Calculate quantiles of expected S*

sstar provides a quantile subcommand to estimate quantiles of expected S* scores from simulated data without introgression. If users need to estimate quantiles of expected S* with large-scale simulations, we recommend users follow our sstar pipelines in sstar-analysis, for example, sstar.snake.

Input

Users need to install the ms program from Hudson Lab and provide a demographic model (e.g. BonoboGhost_4K19_no_introgression.yaml) in Demes YAML format. The reference and target sample sizes should match the number of chromosomes in the real data to be analyzed. Population index numbers used in the generated ms command are defined by the order of population appearance in the Demes file, so users should check that --ref-pop and --tgt-pop refer to the intended populations. Then users can use the following command:

sstar quantile --model BonoboGhost_4K19_no_introgression.yaml --ms-dir ./msdir/ --N0 1000 --nsamp 22 --nreps 20000 --ref-pop Western --ref-size 20 --tgt-pop Central --tgt-size 2 --mut-rate 1.2e-8 --rec-rate 0.7e-8 --seq-len 40000 --snp-num-range 25 30 5 --output-dir quantiles --thread 2

The expected result above can be found in test.quantile.exp.summary.

Output

An example for the output is below:

S*_score SNP_num quantile log(local_recomb_rate)
62168.0 25 0.5 -8.154901959985743

The meaning of each column:

  • The S*_score column is the S* score.
  • The SNP_num column is the number of SNPs.
  • The quantile column is the quantile of the expected S* score in the simulated dataset.
  • The log(local_recomb_rate) column is the base-10 logarithm of the local recombination rate.

Settings

The main simulation settings are:

Option Description
--model Path to the demographic model file used for simulation.
--ms-dir Path to the directory containing the ms executable.
--N0 Reference effective population size used for ms parameter scaling.
--nsamp Haploid sample size used in ms simulation.
--nreps Number of simulation replicates.
--ref-pop Name of the reference population in the demographic model.
--ref-size Haploid sample size of the reference population.
--tgt-pop Name of the target population in the demographic model.
--tgt-size Haploid sample size of the target population.
--mut-rate Mutation rate per site per generation.
--rec-rate Recombination rate per site per generation.
--seq-len Length of the simulated sequence.
--snp-num-range Minimum SNP count, maximum SNP count, and step size used for ms simulations.
--output-dir Path to the output directory.

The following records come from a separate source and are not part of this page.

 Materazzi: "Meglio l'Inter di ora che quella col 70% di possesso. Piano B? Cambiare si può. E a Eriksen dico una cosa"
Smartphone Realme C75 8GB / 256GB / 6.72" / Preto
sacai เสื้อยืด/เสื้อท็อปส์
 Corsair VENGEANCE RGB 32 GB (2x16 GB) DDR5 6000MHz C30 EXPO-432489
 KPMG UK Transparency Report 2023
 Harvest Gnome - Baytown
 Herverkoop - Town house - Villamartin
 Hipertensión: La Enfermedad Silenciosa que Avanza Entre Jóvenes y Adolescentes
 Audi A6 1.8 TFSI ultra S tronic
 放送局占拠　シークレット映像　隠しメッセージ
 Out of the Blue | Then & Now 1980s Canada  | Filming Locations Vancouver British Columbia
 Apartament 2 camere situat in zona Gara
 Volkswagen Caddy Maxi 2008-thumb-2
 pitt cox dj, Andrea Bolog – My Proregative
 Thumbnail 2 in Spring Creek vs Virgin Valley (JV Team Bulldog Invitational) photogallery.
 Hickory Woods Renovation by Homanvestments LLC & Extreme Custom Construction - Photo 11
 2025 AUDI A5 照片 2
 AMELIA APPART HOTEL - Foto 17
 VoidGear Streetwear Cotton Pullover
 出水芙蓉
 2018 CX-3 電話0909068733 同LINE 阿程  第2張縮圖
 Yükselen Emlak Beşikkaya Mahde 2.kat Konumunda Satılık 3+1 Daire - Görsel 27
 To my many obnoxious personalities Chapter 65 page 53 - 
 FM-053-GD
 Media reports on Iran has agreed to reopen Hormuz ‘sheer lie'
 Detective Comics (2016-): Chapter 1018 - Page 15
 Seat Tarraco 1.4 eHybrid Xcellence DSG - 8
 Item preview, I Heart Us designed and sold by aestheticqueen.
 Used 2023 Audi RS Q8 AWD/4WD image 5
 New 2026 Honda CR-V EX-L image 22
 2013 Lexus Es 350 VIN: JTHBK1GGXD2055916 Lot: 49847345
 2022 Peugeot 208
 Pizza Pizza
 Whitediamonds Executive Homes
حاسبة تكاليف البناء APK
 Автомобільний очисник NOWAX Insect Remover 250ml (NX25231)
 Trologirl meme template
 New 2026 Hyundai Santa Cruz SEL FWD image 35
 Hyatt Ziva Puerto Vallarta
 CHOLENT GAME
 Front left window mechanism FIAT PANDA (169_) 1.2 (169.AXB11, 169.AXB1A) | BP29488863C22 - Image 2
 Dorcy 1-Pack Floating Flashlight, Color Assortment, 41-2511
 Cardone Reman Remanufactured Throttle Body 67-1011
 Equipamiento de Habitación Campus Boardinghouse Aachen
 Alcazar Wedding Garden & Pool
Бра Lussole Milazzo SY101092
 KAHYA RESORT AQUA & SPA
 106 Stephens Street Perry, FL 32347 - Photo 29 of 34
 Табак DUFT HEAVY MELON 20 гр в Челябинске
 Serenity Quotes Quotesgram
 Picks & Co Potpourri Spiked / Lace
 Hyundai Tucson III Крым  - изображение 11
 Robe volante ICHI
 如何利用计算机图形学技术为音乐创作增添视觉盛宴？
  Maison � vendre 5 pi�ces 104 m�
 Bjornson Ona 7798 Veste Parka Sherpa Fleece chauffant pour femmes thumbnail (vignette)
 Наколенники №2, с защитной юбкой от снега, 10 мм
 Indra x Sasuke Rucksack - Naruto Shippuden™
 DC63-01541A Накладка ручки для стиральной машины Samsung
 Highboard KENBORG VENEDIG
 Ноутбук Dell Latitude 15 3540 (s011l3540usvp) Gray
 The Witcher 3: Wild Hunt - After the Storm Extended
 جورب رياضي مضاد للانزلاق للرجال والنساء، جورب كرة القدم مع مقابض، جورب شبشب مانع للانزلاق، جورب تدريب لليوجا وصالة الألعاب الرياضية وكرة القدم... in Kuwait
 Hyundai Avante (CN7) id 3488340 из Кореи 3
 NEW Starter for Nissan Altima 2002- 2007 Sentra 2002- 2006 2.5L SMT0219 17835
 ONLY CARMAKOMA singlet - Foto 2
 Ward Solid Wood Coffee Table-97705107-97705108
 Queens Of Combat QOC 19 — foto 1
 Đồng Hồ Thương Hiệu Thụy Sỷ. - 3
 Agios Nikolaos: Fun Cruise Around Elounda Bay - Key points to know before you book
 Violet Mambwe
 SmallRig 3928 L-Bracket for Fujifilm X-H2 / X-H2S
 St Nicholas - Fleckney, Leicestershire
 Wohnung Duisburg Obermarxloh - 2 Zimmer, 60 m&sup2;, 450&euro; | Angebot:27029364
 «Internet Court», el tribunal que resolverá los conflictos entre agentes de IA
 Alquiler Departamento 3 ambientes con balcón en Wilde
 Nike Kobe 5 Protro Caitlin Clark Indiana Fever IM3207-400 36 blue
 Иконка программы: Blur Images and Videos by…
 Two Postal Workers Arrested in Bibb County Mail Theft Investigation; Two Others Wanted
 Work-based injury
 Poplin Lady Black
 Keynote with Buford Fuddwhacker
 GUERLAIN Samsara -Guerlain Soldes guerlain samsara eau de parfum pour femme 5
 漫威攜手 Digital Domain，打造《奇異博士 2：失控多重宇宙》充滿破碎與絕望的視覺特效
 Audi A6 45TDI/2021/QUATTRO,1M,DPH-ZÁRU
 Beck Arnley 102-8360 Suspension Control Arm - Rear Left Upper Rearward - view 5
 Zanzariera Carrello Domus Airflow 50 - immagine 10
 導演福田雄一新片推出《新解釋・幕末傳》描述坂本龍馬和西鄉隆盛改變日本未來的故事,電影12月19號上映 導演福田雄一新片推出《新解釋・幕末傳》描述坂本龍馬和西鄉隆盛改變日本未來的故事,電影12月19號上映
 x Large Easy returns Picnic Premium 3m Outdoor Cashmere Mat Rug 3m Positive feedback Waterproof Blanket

Users can use --phased to run sstar score on phased haplotypes during simulation scoring. Use phased quantiles with score files generated by sstar score --phased.

Users can use --seeds to pass three random seeds to ms, for example --seeds 1 2 3. Users can use --keep-simulated-data to keep intermediate simulation directories instead of deleting them after the summary file is created. Users can use --thread to specify the number of CPUs used for multiprocessing.

To simulate a range of recombination rates, run sstar quantile separately for each recombination-rate step and merge the resulting summary tables before using them with sstar threshold.